Government to appeal Algerian pilot ruling

The government said on Wednesday it would appeal against a ruling ordering it to consider compensation for an Algerian pilot who spent five months in jail wrongly accused of training September11 hijackers.

Lotfi Raissi, 33, was arrested in London 10 days after the September 11, 2001, attacks and held at the high-security Belmarsh prison in the southeast of the capital.

Raissi won the right to claim compensation from the British government in a legal ruling earlier this month.

Even though the allegations against him were proved false, Raissi says he is now blacklisted from all airline jobs and his life has been ruined.

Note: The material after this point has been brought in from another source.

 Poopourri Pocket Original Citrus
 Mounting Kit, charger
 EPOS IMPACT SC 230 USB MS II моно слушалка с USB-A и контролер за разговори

"We are appealing on a point of law/principle about boundaries of the state compensation scheme," said a spokeswoman for the Ministry of Justice.

"We need to clarify how far government compensation goes."

The British government rejected a claim for compensation lodged by Raissi in 2004.

But in a ruling on February 14 the Court of Appeal in London ordered the government to reconsider the compensation claim, saying that the way extradition proceedings and refusals of bail had been conducted were "an abuse of process".

The United States had argued Raissi was linked to Hani Hanjour, the pilot suspected of crashing a passenger plane into the Pentagon in Washington.

It had sought to extradite Raissi on two counts of falsifying an application for a U.S. pilot's licence, but a British court dismissed the charges in 2002.